In a YouTube video made for the National Hispanic Media Coalition, Olmos talks about the value of the ’Net to groups he supports that are advocating for social and economic justice, as well as for accessing Twitter and Facebook, hearing alternative news, or getting the best deal on goods and services.
He urges Web users to sign an NHMC petition calling for new rules to prevent potential blocking, discriminating and censoring of websites and apps. “A recent court decision jeopardizes the freedom we have all come to enjoy on the Internet,” he said in the video. “But hope is not lost; the court left the door open for the Federal Communications Commission to right this wrong.”
And he wants FCC chair Tom Wheeler to reassert the FCC’s authority over Internet-service providers, something Wheeler has said he plans to do in the coming days.
Olmos won’t have to worry about the top ISP, Comcast, which is still subject to network neutrality rules until 2018 no matter what happens in the courts or at the FCC. The cable operator committed to them as part of its agreement to buy NBCUniversal.
If the FCC approves the just-announced Comcast meld with Time Warner Cable, all that enjoyable Internet freedom would apply to a combined broadband provider holding more than 30% of the U.S. market.
Comcast is even on Olmos’s side on the general principle of restoring the rules for everyone else — not a big surprise, as Comcast would be at a competitive disadvantage otherwise.
Comcast supports restoring anti-blocking and anti-discrimination rules so long as that also means advanced telecom services are deployed in a reasonable and timely fashion to all Americans.
As for the 2018 sunset, FCC merger conditions might include extending the network-neutrality commitment beyond then for Comcast and TWC. Comcast executive vice president David Cohen would not speculate on that possibility during a call with reporters last week, saying it was hard enough to negotiate with the government without having to negotiate with the press.
If You Need an Ultralight Pilot in Nepal, Call Max
The Wire enjoys cable shows about coffee, adventure, geology and mountains.
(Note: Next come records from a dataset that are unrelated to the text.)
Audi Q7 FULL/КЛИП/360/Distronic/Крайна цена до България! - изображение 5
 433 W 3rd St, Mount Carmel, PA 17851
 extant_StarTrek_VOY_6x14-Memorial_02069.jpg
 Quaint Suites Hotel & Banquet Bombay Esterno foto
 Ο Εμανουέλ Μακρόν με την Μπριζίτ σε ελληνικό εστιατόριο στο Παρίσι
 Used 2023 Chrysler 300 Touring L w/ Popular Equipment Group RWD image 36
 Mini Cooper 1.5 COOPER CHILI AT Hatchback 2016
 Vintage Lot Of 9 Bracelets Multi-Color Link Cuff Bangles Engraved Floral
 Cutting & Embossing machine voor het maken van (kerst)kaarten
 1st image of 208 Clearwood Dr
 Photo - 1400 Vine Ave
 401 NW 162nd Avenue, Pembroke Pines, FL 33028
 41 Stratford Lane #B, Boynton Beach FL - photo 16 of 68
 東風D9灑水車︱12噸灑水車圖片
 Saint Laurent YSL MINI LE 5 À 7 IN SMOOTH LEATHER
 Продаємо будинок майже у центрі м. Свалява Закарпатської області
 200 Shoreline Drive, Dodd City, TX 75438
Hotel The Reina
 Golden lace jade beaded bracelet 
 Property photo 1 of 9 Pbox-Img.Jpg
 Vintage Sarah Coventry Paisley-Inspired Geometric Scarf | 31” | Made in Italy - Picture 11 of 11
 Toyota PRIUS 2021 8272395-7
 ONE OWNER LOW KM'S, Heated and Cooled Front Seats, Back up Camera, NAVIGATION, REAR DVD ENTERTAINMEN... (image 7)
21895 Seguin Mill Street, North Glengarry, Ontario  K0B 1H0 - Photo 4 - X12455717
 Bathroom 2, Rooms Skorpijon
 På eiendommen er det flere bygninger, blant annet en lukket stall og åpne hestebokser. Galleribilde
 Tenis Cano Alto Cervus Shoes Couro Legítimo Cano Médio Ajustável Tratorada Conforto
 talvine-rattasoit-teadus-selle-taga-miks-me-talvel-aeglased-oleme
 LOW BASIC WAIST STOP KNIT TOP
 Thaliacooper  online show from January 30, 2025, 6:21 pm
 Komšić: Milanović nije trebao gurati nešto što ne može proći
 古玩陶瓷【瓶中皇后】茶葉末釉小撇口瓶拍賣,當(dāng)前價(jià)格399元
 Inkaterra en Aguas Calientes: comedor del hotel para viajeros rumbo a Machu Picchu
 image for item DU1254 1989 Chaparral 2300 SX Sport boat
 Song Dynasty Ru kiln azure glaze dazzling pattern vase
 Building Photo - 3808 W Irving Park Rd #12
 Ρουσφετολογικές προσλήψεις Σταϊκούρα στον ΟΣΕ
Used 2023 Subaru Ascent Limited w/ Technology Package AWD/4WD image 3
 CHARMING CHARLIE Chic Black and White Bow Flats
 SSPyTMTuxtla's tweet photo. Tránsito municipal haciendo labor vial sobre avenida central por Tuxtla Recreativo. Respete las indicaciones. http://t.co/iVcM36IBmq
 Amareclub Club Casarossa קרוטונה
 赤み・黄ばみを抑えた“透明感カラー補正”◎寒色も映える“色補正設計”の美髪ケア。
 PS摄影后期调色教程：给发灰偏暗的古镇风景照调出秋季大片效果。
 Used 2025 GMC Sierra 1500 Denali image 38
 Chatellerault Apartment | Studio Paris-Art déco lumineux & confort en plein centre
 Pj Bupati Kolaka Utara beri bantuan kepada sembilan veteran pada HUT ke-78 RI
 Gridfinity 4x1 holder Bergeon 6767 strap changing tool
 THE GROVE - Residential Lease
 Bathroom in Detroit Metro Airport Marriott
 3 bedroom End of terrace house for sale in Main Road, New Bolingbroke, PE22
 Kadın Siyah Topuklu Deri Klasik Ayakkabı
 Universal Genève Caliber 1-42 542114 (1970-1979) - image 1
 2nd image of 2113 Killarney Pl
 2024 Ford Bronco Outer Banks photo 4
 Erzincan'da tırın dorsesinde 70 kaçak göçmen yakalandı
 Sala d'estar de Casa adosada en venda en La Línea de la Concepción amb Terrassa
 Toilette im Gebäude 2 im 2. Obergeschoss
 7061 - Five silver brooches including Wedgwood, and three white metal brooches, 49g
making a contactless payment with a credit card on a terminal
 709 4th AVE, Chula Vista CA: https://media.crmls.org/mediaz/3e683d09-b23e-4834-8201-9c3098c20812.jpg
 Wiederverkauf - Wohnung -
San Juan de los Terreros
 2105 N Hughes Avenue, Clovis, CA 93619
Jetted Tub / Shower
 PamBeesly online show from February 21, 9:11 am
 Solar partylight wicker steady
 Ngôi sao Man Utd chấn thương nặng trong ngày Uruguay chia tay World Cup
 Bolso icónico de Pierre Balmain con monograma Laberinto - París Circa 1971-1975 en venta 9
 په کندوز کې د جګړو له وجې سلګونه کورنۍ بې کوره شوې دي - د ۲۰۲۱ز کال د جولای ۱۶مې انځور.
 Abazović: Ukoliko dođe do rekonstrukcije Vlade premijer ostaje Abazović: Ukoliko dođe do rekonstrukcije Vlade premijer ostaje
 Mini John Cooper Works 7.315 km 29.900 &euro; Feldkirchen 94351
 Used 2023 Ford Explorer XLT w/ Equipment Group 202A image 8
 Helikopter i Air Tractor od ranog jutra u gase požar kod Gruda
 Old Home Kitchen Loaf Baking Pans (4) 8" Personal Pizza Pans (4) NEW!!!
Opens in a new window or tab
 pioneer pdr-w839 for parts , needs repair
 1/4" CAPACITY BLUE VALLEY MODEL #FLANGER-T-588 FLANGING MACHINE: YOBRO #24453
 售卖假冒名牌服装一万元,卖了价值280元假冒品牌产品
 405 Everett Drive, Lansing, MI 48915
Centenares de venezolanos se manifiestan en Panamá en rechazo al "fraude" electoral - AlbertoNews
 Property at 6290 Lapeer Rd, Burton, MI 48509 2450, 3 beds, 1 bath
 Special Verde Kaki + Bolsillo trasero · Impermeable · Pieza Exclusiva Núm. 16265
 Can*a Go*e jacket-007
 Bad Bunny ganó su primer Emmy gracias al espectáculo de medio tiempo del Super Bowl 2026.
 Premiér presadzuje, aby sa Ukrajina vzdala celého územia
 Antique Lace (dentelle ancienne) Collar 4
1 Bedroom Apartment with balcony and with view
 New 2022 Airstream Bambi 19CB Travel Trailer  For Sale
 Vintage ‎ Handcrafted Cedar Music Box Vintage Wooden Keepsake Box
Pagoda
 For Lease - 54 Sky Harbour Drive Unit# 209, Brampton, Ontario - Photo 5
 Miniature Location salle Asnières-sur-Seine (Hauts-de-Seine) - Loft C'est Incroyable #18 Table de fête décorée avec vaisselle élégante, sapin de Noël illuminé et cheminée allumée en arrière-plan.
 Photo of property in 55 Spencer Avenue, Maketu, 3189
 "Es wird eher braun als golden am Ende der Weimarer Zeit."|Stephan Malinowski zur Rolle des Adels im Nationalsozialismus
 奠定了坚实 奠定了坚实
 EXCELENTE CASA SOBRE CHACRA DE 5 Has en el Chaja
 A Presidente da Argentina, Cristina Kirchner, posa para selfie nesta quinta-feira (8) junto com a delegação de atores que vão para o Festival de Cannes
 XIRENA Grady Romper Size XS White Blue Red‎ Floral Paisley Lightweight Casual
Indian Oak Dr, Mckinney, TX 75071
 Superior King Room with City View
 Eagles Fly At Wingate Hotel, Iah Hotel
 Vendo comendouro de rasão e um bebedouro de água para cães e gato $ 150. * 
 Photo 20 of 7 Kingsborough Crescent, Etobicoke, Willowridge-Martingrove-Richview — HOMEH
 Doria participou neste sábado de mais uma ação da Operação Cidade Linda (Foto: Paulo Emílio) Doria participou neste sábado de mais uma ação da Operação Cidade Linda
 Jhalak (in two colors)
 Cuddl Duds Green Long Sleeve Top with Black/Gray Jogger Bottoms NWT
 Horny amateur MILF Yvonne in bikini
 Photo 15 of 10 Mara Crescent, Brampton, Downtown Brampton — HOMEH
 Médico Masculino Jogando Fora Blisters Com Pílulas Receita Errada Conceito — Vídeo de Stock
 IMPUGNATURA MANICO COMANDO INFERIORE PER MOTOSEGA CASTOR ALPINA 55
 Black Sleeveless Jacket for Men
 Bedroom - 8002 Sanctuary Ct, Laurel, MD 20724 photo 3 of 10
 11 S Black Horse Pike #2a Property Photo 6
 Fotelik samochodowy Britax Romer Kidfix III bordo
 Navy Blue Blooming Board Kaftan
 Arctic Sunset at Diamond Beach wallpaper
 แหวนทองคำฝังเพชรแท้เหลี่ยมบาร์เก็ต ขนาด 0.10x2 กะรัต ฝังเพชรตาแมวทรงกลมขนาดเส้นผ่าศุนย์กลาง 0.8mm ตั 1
So it was no surprise we were watching both Travel Channel’s Dangerous Grounds, with coffee roaster La Colombe Torrefaction’s co-founder, Todd Carmichael, seeking rare coffee beans in exotic places, and Science docuseries Rise of the Continents last week.
Both episodes were partly set in Nepal, with Carmichael hoping to fill a big order for restaurateur Mario Batali and geologist host Iain Stewart in Rise of the Continents explaining what happened after India collided with Asia eons ago.
We were a bit stunned, though, when both episodes saw the hosts rise into thin air in light aircraft piloted by the same man — a mustachioed Russian called Max.
Could this be coincidence? Does Max have a great agent? Does he want his own reality show?
A brief backstory presented on Dangerous Grounds was tantalizing. Carmichael said Max is 70 and piloted MiG fighters for the Russians before flying Himalayas sightseers above Pokhara, Nepal. In the show, the pair scouts prospective coffee farms in an ultralight plane that looks like a go-cart with wings.
Stewart, in the Eurasia episode of BBC-produced Rise of the Continents, flies alongside Max in a more solid-looking, enclosed light plane and compliments the captain on his CD selection.
Discovery-owned Science referred The Wire to Avia Club Nepal’s Facebook page, which identifies him as “Captain Max,” the safety director.
He clearly has a sense of humor to go along with good looks and skill: Facebook photos show him taking passengers aloft dressed as Santa Claus. Presumably a safe landing after enjoying those spectacular vistas would be the best gift ever.
Dangerous Grounds ends its second season on Tuesday, March 18. Rise of the Continents episodes air next on Science on Monday, Feb. 24.